When he had archived several hundred of these code sequences, he took a SVU detective out for a few drinks. It didn’t take the guy long to see the possibilities. Johnnie had to do a bit of dickering to get the price he wanted for access to his DNA info, but that wasn’t hard for a guy like him. Suddenly the cops were finding perps a lot sooner than before and they had DNA evidence to nail a lot of bad citizens. Stupid ones who never watched CSI shows. Both Johnnie and the cops were not exactly forthcoming about where they were getting their DNA samples.
Of course, Johnnie had some favorite clients and he let it be known that if they wanted their DNA code to be, you know, “protected,” it would only take a little investment in his business. At first he thought he might clean up the town so much that it would be bad for his collection enterprises, but there were always enough randy guys coming along to keep things going. In fact, in time he stopped doing tricks himself and paid whores for samples. He gave out free self-diagnosis kits for the virus, plus -- for cautious types -- reservoir-tipped condoms and baggies to put them in once they held the sample. He was trying to run a business, not create an epidemic, which was already underway anyhow.

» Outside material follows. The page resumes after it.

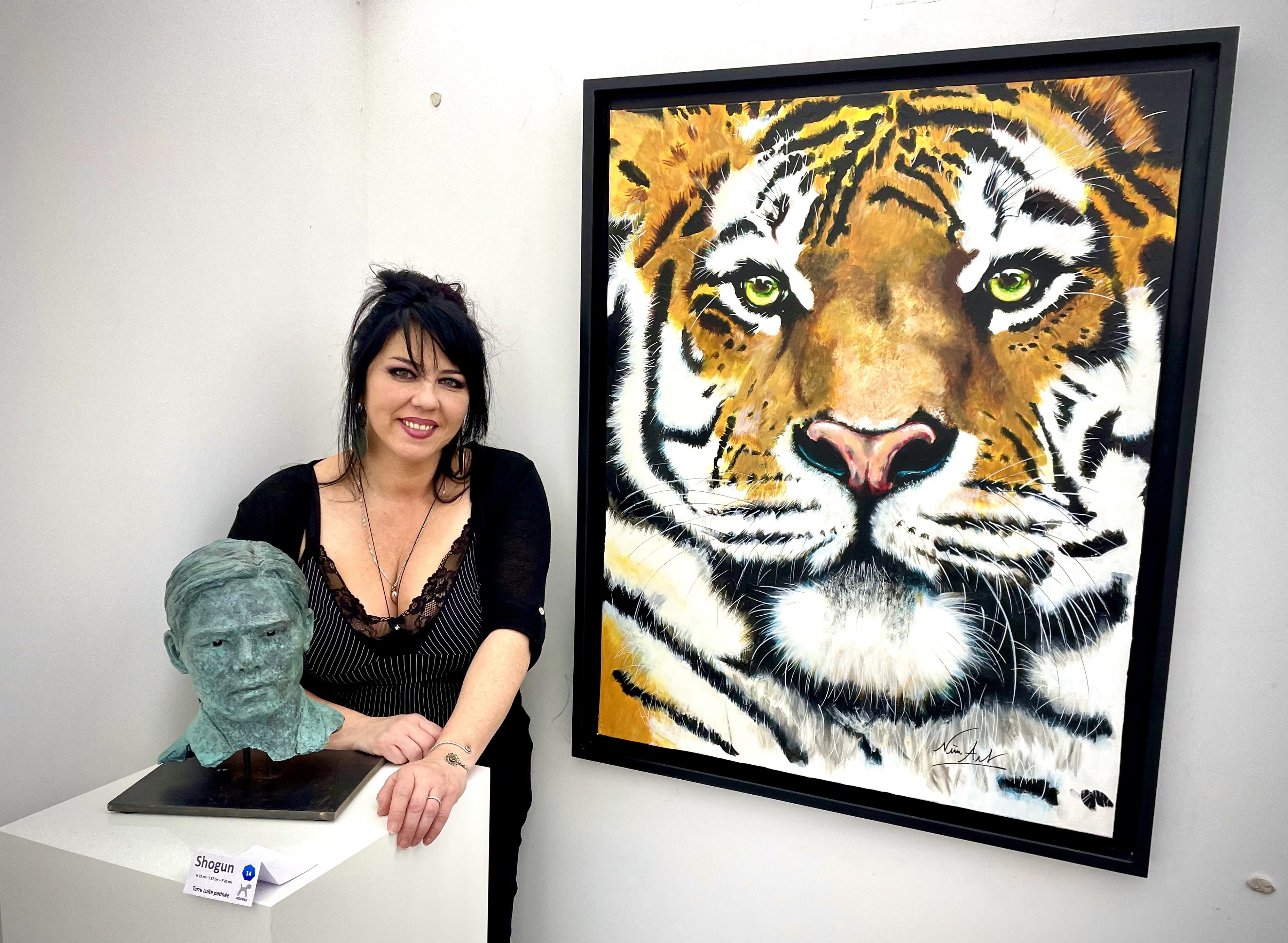 Ninu et son tigre Altaïca et une sculpture de Popyna.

It did surprise him a little bit to realize who some of these tricks were. Even the cops hadn’t quite realized how many of the Public Health suits were doing first hand research into the problems of HIV-AIDS. Not at a lab bench. Maybe they just thought about it too much on all those panels. Got obsessive. But most of them had no intention of ever having first-hand contact with the losers they talked and wrote about, since they were demonstrating what winners they themselves were, what privileged knowledge they had.